Preparation: Heat 2 liters of water in a pot to 60 degrees and add 25 g rye malt and 50 g rye flour; Mix well to form a thin porridge and sprinkle with a little more rye flour and malt. Close the pot with a lid and let the porridge steep for an hour. The porridge must remain warm, but should under no circumstances boil.

Then add another liter of water, rye flour and malt and let it rest for an hour. The whole thing is repeated until the seven liters of water are used up. Once the porridge is ready, it is cooked for half an hour, stirring constantly.

Then add the syrup, salt and orange peel and mix well. Put the pot in the oven and bake at 150 degrees for one hour. Then pour it into an ovenproof bowl (only half of it, as the porridge bubbles when baking), sprinkle some sugar on top and bake at 140 degrees for about three hours. The finished Mämmi tastes particularly good with whipped cream, vanilla sauce or vanilla ice cream.

Hot Cross Buns from Great Britain

Hot cross buns are typically eaten on Good Friday in Great Britain and other Commonwealth countries. The traditional rolls consist of a fluffy yeast dough, spices, raisins and a piped dough cross that is supposed to represent the crucifixion. They are usually eaten with jam.

Ingredients for twelve pieces: 20 grams of fresh yeast, 250 ml milk, 500 g wheat flour, 70 g sugar, 1 medium egg, 70 g butter, 1/4 teaspoon salt, 1 teaspoon cinnamon, 1 teaspoon grated lemon peel, 1 vanilla pod, 1 pinch Cardamom, 1 pinch of ginger, 1 pinch of nutmeg, 100 g raisins, 2 tbsp orange juice, for the dough cross: 70 g flour, 60 ml water, 50 g apricot jam for brushing

Preparation: Soak the raisins in the orange juice.
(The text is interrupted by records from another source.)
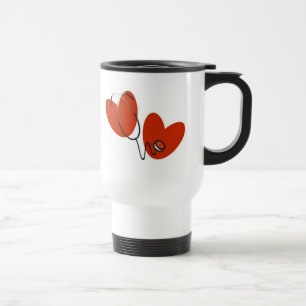 Caneca Térmica Corações e t-shirt e presentes do estetoscópio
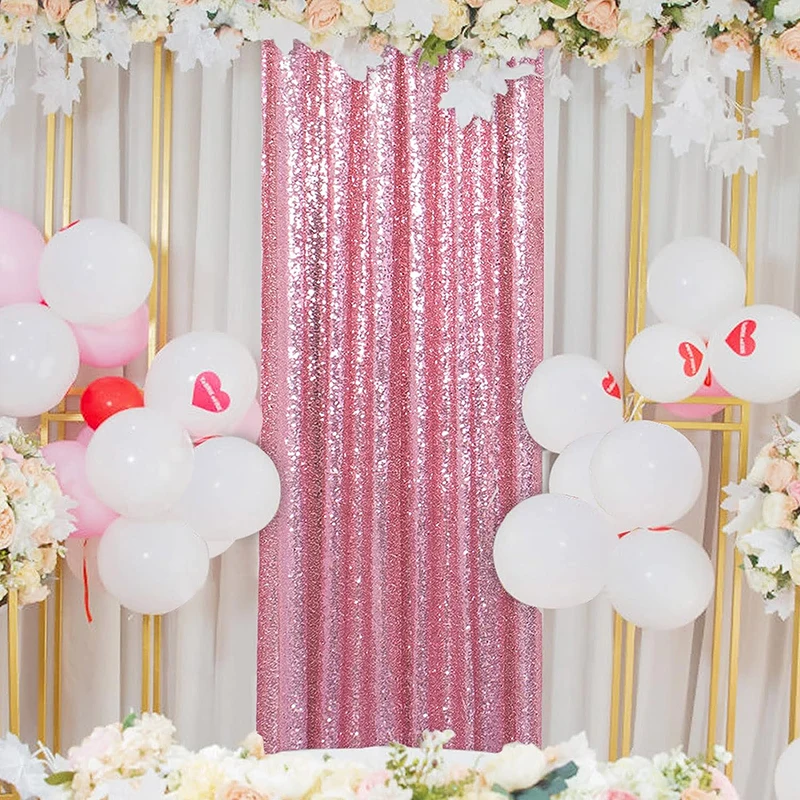 1PC Pink Sequin Backdrop Curta – Sequin Fabric Panel Bewertung und Preis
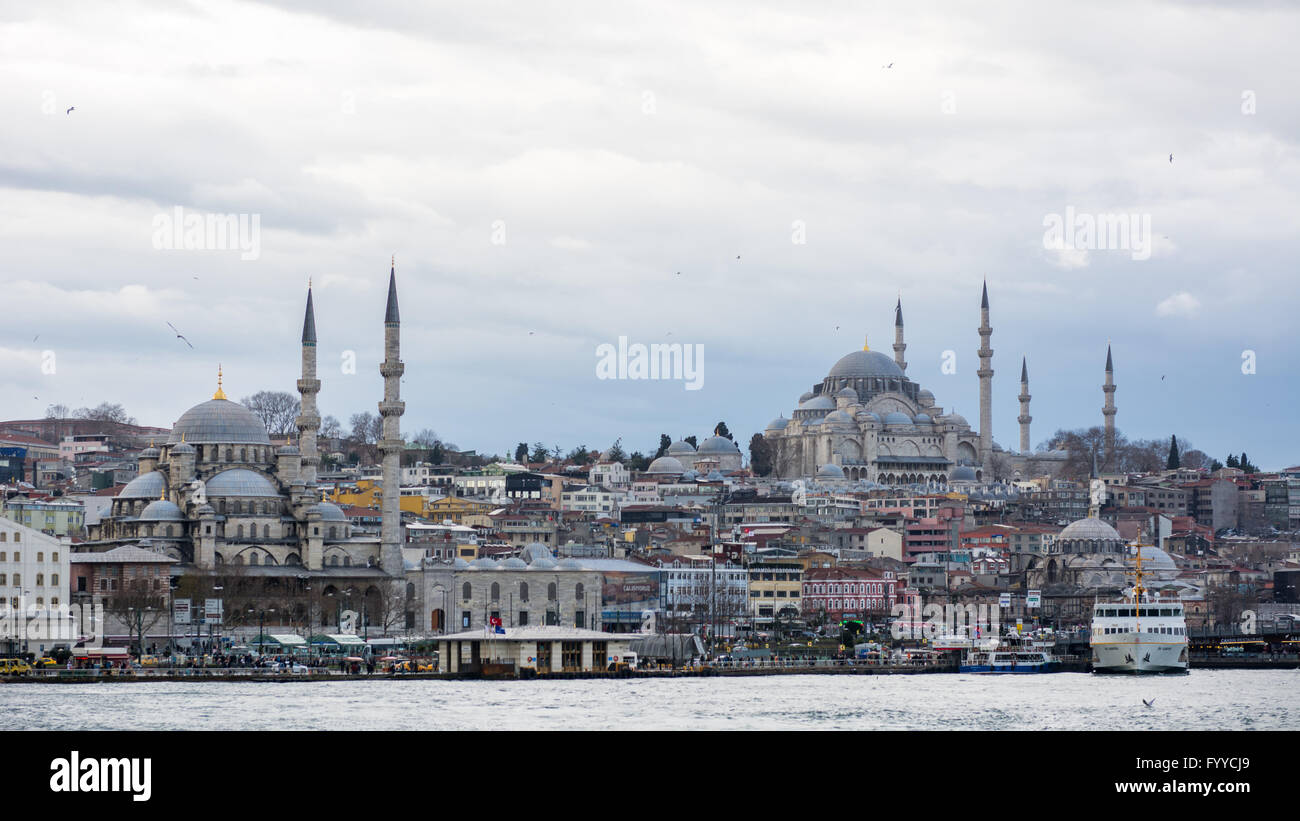 Nuova Moschea Süleymaniye e moschea di Istanbul Foto Stock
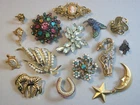 Lot of Vintage Brooches Costume Jewelry Rhinestones Coro Monet Avon Animals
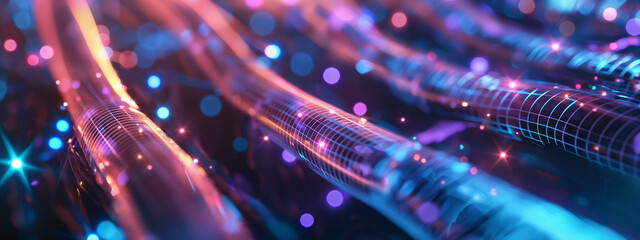 Glowing data fiber optic cables light while transferring data information, technology background.
 - obrazy, fototapety, plakaty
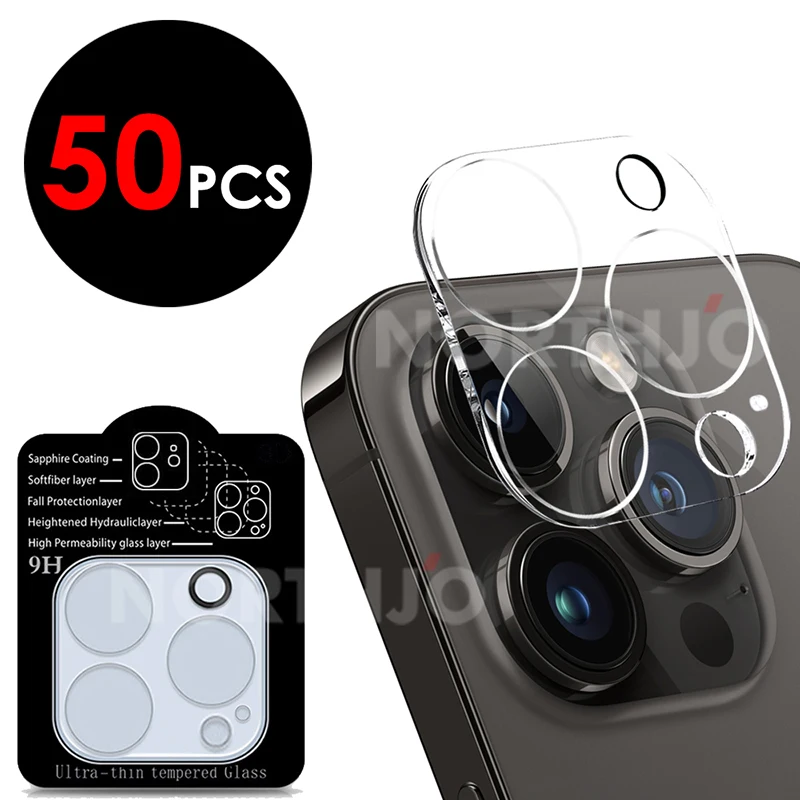 

50Pcs For iPhone 17 Air Pro Max 16 15 14 Plus 13 12 11 Max mini Camera Lens Film Screen Protector Clear 3D Full Cover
Crumble the yeast into a mug with half of the lukewarm milk. Add a teaspoon of sugar and stir until the sugar and yeast are dissolved.

Place the flour in a bowl and create a well in the middle. Pour in the lukewarm yeast-milk mixture and stir in a little flour from the sides. Cover the bowl with a cloth and let it rest in a warm place for about 20 minutes.

Add the remaining sugar, the remaining milk with the egg, butter, salt and spices and mix everything together. Knead the dough for about five minutes until it is smooth. Then fold in the drained raisins. Let the dough rise covered in a warm place for around an hour.

Knead the dough carefully again on a lightly floured work surface and then divide it into twelve equal portions, shape into round rolls and leave to rise for about 45 minutes on a baking tray lined with baking paper, leaving a little space between them.

Preheat the oven to 190 degrees top and bottom heat. For the cross, mix 70 grams of flour with 60 ml of water to form a thick mixture and pipe it onto the rolls using a piping bag.

Bake the rolls for around 15 to 20 minutes until golden. Warm the apricot jam with a little water and stir until smooth. Then brush the hot cross buns with it while they are still warm.